Aber keine Sorge, die FRAUENART ist noch längst nicht ausgereizt, wie Isobel Markus uns im Interview versichert. Wir hatten die Möglichkeit, mit ihr über die kommende Veranstaltung, ihr Fazit und ihre Erwartungen mit Blick auf die bisherige Frauenart-Reihe und natürlich über Männerbilder zu reden. Dafür möchten wir uns an dieser Stelle herzlich bedanken!

Lettrétage: In diesem Jahr gehörte Deine Berliner Salonage wieder zum festen Repertoire der Lettrétage, diesmal mit der Reihe „Frauenart“. Mit Blick auf den November wird sich vielleicht nun der eine oder die andere die Augen reiben, weil Du einen Abend zu „Männerart“ organisierst. Ist die „Frauenart“ ausgereizt? Oder wie fällt aus Deiner Sicht die Bilanz der Reihe aus? Inwiefern wurden Deine Erwartungen erfüllt bzw. nicht erfüllt?

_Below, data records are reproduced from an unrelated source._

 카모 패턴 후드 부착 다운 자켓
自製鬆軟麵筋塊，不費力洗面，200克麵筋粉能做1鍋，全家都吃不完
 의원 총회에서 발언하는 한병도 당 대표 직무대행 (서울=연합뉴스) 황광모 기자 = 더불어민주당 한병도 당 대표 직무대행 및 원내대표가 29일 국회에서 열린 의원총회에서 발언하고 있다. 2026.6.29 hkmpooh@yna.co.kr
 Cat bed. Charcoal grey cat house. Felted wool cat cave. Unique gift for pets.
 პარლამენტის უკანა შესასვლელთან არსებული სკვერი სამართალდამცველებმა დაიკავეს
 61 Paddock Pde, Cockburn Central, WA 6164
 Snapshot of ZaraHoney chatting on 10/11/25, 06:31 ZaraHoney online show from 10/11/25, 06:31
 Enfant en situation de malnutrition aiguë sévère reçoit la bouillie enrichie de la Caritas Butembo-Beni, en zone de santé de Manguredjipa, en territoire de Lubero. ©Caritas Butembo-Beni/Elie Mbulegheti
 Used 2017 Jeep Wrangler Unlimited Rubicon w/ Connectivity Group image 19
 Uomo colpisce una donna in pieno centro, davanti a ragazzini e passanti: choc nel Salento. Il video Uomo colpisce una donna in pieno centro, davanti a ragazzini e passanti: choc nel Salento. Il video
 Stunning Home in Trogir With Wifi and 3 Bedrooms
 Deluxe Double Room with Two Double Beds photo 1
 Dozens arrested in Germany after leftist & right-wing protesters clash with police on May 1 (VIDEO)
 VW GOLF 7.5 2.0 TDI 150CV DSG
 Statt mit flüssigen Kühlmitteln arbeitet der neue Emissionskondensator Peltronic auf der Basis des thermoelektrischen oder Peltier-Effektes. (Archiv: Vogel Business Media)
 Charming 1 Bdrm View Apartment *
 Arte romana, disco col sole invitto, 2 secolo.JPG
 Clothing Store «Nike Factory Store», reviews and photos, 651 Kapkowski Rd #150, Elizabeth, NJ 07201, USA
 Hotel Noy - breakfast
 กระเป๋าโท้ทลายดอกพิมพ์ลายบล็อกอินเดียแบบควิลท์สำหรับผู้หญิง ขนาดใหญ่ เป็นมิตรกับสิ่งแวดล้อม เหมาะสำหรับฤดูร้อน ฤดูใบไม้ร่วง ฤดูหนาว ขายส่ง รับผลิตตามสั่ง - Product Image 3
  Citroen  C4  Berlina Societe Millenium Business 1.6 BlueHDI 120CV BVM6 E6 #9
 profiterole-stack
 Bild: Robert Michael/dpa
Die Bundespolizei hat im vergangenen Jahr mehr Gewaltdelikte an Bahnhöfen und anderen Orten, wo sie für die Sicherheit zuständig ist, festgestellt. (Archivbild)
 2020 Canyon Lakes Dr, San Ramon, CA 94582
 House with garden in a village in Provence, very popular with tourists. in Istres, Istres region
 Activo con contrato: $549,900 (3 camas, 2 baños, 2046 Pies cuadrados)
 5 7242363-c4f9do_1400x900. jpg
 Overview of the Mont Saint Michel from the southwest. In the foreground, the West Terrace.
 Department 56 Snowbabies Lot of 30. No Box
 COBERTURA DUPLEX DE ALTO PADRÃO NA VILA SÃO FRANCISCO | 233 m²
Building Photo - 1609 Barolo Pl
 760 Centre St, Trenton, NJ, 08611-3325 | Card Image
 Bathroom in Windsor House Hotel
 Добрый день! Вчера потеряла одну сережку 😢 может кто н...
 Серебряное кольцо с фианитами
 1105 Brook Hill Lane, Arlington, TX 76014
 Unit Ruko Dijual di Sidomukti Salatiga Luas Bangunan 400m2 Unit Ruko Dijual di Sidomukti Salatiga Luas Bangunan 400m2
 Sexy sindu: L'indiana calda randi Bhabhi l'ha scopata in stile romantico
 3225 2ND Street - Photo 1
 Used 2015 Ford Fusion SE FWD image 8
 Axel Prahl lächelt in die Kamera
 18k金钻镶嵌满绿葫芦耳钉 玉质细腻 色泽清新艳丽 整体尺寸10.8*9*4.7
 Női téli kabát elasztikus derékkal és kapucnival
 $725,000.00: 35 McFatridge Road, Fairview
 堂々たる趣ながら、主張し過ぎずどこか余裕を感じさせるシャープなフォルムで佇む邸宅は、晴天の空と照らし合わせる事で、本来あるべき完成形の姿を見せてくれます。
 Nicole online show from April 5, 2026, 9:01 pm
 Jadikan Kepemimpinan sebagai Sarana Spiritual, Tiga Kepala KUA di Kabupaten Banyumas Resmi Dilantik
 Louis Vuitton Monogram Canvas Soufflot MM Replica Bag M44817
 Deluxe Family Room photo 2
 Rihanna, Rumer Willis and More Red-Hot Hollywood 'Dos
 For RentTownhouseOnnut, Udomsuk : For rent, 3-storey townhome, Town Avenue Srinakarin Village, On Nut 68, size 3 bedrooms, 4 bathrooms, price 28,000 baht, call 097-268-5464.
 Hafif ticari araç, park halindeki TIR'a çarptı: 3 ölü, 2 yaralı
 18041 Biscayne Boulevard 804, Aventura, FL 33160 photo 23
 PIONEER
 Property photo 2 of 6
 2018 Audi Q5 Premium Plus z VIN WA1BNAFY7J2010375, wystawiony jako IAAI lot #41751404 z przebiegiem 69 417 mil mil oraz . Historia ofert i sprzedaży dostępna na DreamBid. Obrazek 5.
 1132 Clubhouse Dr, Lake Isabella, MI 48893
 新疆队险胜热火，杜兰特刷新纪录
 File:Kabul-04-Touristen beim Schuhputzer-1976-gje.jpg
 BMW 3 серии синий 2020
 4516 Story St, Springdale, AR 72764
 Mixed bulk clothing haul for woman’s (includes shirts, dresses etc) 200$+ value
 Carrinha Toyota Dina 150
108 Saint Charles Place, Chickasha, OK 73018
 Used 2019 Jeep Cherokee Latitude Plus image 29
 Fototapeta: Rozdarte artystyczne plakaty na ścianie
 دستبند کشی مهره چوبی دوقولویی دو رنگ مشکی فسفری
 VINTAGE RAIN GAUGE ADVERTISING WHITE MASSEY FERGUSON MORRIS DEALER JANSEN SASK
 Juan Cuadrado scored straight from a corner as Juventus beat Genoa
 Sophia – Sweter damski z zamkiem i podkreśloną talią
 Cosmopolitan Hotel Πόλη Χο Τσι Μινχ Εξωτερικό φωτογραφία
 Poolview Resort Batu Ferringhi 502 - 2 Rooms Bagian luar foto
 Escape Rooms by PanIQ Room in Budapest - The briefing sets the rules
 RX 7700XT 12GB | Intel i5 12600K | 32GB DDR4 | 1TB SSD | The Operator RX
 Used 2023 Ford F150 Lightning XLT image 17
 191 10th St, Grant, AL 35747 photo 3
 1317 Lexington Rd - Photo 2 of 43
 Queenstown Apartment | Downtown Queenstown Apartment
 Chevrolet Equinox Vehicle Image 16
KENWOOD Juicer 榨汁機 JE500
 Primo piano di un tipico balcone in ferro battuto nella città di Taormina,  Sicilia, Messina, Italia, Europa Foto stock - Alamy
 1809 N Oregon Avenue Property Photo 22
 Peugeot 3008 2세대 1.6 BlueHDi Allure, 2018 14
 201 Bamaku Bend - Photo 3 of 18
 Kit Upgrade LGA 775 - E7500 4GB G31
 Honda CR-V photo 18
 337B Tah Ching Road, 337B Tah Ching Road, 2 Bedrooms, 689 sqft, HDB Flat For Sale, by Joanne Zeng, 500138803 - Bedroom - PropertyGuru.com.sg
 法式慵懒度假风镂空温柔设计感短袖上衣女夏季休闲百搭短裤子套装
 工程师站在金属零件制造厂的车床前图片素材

Isobel Markus: Wenn sich Menschen die Augen reiben, finde ich das eigentlich ganz gut, weil vielleicht ja danach der Blick etwas klarer ist. Tatsächlich ist die Reihe Frauenart aber noch lange nicht ausgereizt und wird ab April 2023 mit drei weiteren Abenden der Berliner Salonage fortgeführt. Ich habe so spannende Themen vor wie „Der weibliche Körper: Raum, Selbstbestimmung, Tabus“ (21. April), „Weibliche Liebe und Lust“ (23. Juni) und „Rosige Aussichten auf… was wir uns für die Zukunft wünschen“ (8. September). Ich bin froh, dass ich meine Reihe durch die Förderung der Senatsverwaltung für Kultur und Europa insgesamt zwei Jahre realisieren kann und freue mich schon auf die kommenden Salons, meine wunderbaren Gäste, die jedes Mal wichtige Impulse setzen, dazu unseren Austausch, besonders auch den mit dem Publikum.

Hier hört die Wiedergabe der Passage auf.